E importante disporre anche in Italia di una raccolta organica dei testi e delle principali affermazioni di principio che a livello mondiale sono stati prodotti sull'argomento, proprio perché, lungamente affinati negli anni attraverso consultazioni, pubblicazioni, convegni e congressi ufficiali.
In qualche caso si tratta di documenti che gli studiosi e ricercatori italiani conoscono e utilizzano da tempo, ma sempre nei termini in cui sono stati citati e parzialmente riprodotti entro pubblicazioni di tipo specialistico e non ufficiale.
In particolare sono riportati nel testo i documenti relativi agli "Obiettivi e categorie delle aree protette", elaborato dall'lUCN nel 1978, ed alle "Riserve della biosfera e le loro interazioni con le altre aree protette" redatto da IUCN, MAB ed UNESCO nel 1979, nonché "Il piano di azione di Bali" del 1983 e la recente "Dichiarazione di Caracas" del 1992.
Si tratta di "carte dei principi" che potranno essere di aiuto nell'attività di studenti, ricercatori, amministratori e direttori di aree protette.

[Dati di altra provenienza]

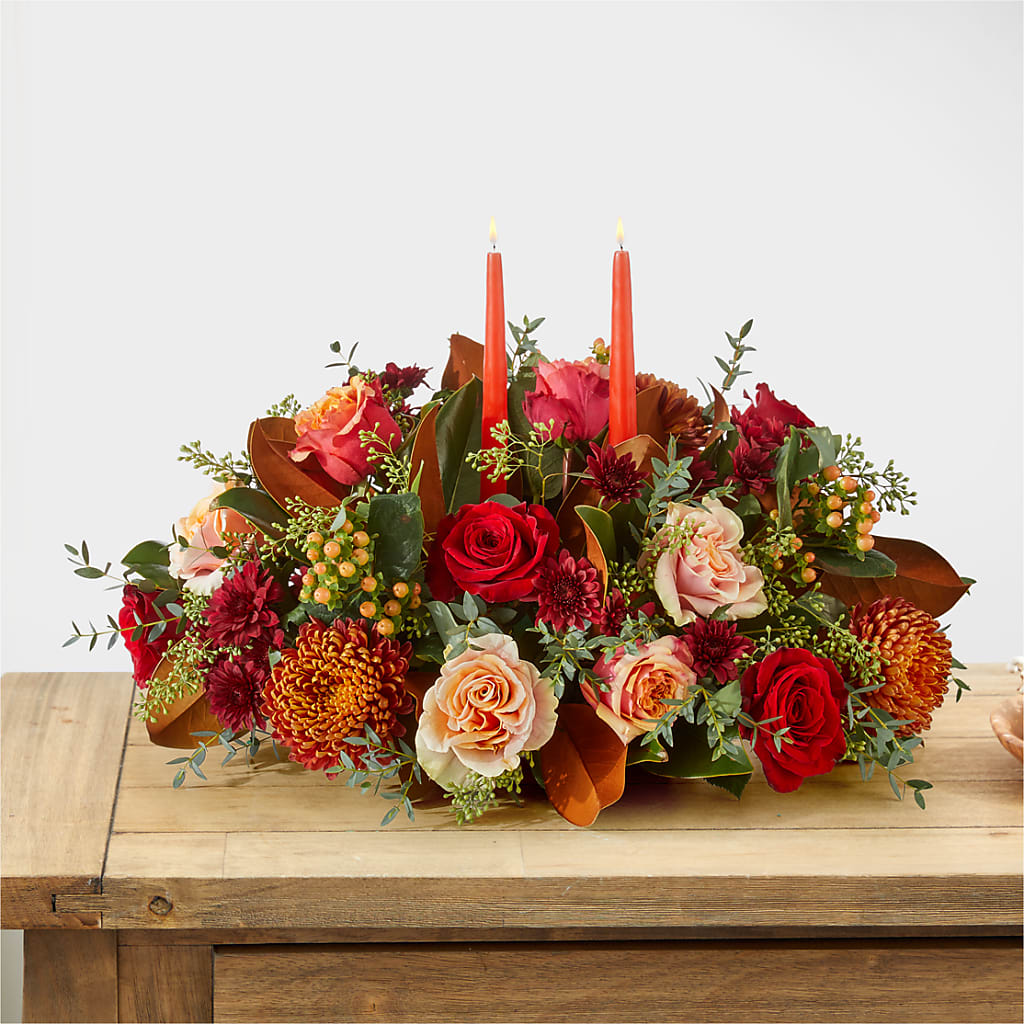 Gather Near Centerpiece –  La Maison De Fleur, Pierre Part LA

Per questi ultimi, specialmente, saranno un indirizzo prezioso per la redazione dei "regolamenti" e dei "piani del parco" che gli artt. Il e 12 della legge quadro sulle aree protette hanno definito strumento indispensabile sia per i parchi nazionali che per quelli regionali. Il volume è poi compendiato con delle ampie ed approfondite trattazioni dell'autore relative a]la situazione italiana delle aree protette in particolare egli si sofferma sul fondamentale problema dei rapporti fra istituzione e gestione del parco e tutela dei diritti e delle tradizioni delle popolazioni residenti. E importante infatti, ricorda Ferrara, distinguere in ogni pianificazione di parco "fra due diversi tipi di presenza umana sul territorio:
- quella delle popolazioni insediate, le cui "tradizionali conoscenze" possono e debbono essere utilizzate ai fini conservazionali, vista la loro consuetudine ed esperienza storicizzata nella gestione delle risorse disponibili, consuetudine ed esperienza da cui certamente la natura ha tratto giovamento, tanto che proprio a seguito di queste pratiche l'area in questione è stata ritenuta meritevole di costituire e di essere amministrata in qualità di "parco", nazionale o regionale che sia;
- quella delle popolazioni che interagiscono con il territorio in questione, ma che non intrattengono con questo rapporto di gestione manutenzione, che certamente dovranno essere considerate per i vari livelli di servizio che l'area protetta potrà garantire loro (ricreazione, cultura, turismo, predisposizione di servizi anche reazioni che tenderanno soprattutto a"minimizzare" I'impatto che il soddisfacimento di questi bisogni può produrre alle risorse ambientali".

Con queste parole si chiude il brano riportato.